Outside corners could be mitered, nailed and glued, or (much simpler) covered with a corner molding.

well, by the advice of using putty, it is obvious this is not the intended method. I gave up awhile back since the OP did not seem interested in hidden nails.

Bud Cline 06-23-2008 07:56 PM

May be my fault. I assumed the OP knew to nail through the tongue and when the question was asked about putty it didn't occur to me they were intending to face-nail. I just tried to answer the putty question.:)

My bad, maybe.:eek:

yummy mummy 06-23-2008 10:18 PM

Sorry, for not making myself clear, I think.....:eek:

I understand the tongue and groove thing, because I have them in my home on the floor which are three quarter inch pre finished hardwood, and they are nailed and then hidden as stated by natehanson.

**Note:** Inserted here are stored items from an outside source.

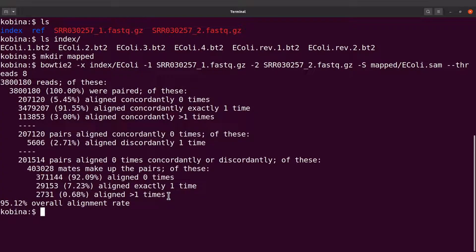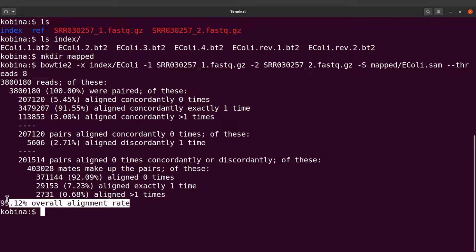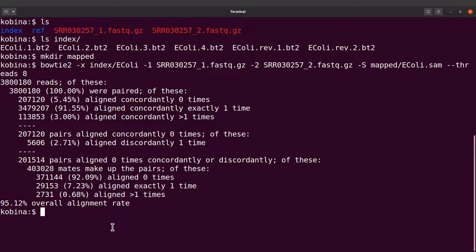I want us to focus on the overall alignment rate. Bowtie says it's 95.12 percent, which is high, so that means things are looking good.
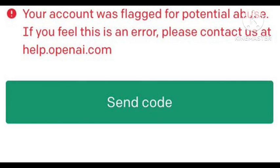I have tried this trick and it worked for me. If you don't want to use this method, there are other methods you can use. This has been happening with many users lately.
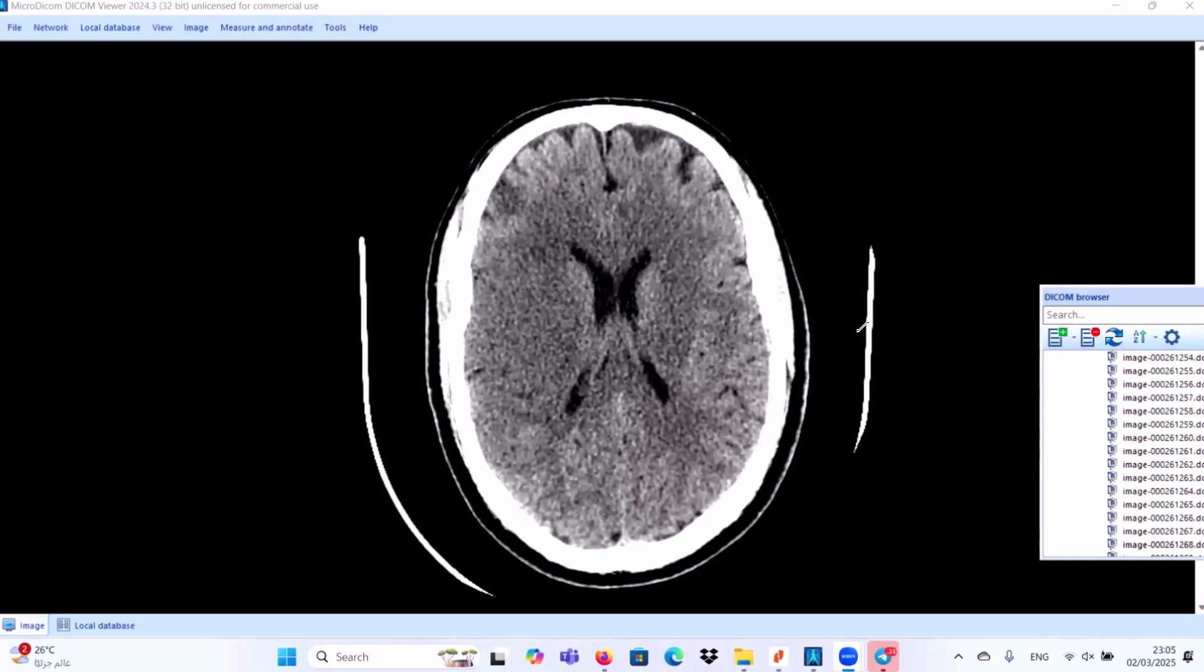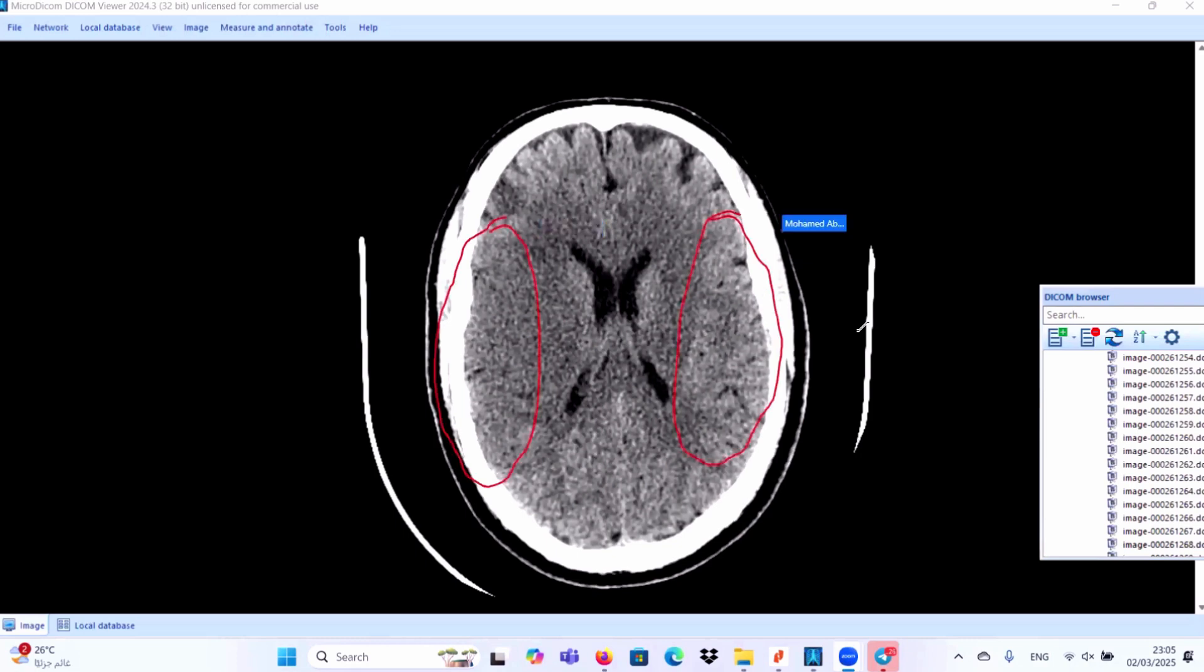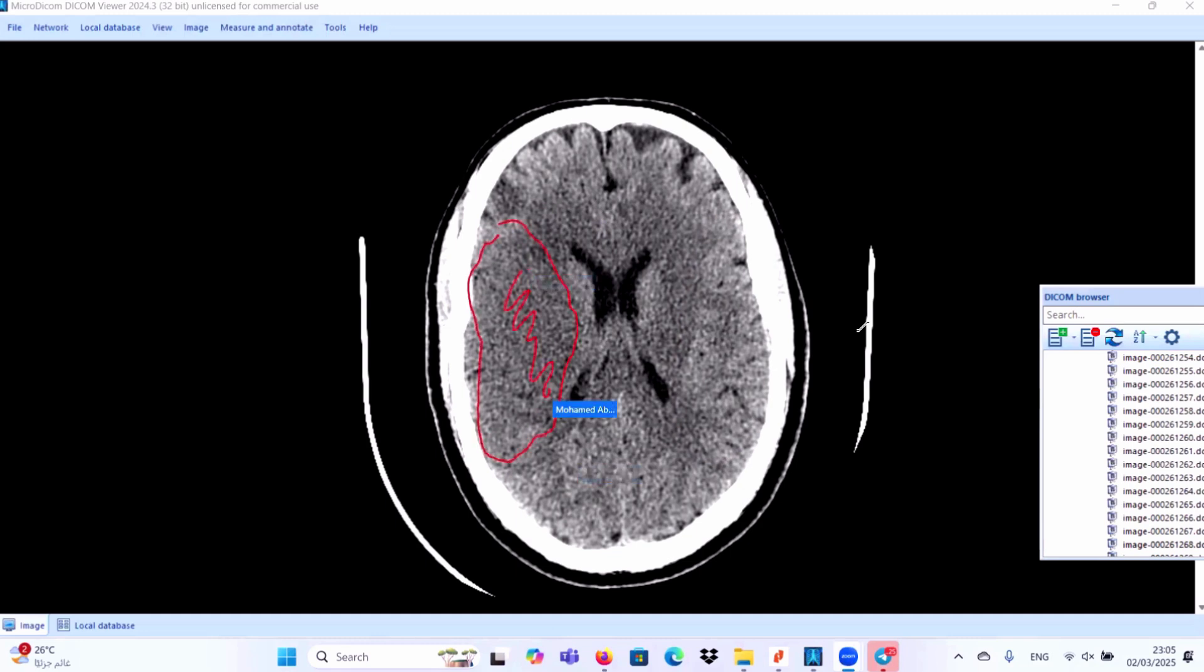Also, if we concentrate more, you will find here some effacement of the cortical sulci as compared to the contralateral side. So we have something abnormal. Even if you are more expert, you will find hyperdense area as compared to the left side.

What I am looking for is a flat finish to the wall. I don't want to use the prefinished flooring as that has a bevelled edge. So I assume that the flooring that has no bevelled edge is the one that I would have to nail down.

I may be wrong with this but let me know.

Nap===I am very interested in hiding the nails, its the bevelled edge that I don't want.

NateHanson 06-23-2008 11:06 PM

Pre-finished or unfinished - solid 3/4" hardwood flooring is installed the same way. If you want a perfectly flat finished floor, install unfinished T&G flooring, blind-nailing it as discussed above, and then sand the walls to get the boards even, and finish after sanding. The sanding step will be a bit tedious, because you're going to have to do it with a hand-held RO sander, but if the area isn't to large, you can do it.

Nate
Quote:

Originally Posted by yummy mummy (Post 133169)
Sorry, for not making myself clear, I think.....:eek:

I understand the tongue and groove thing, because I have them in my home on the floor which are three quarter inch pre finished hardwood, and they are nailed and then hidden as stated by natehanson.

What I am looking for is a flat finish to the wall. I don't want to use the prefinished flooring as that has a bevelled edge. So I assume that the flooring that has no bevelled edge is the one that I would have to nail down.

I may be wrong with this but let me know.

Nap===I am very interested in hiding the nails, its the bevelled edge that I don't want.


nap 06-24-2008 05:48 AM

what Nate said.

Sorry for being testy but when I suggested the blind nailing and it was simply overlooked, I figured it was not of interest. I guess I saw what was happeing in the post when you didn't and Bud misunderstood what was happening.

No big deal. I was simply picturing this wall with all these exposed nails in it and cringing but hey, if that was what you wanted, it's your wall. Glad to see this got corrected before you started the wall.

You hadn't started the wall yet, right?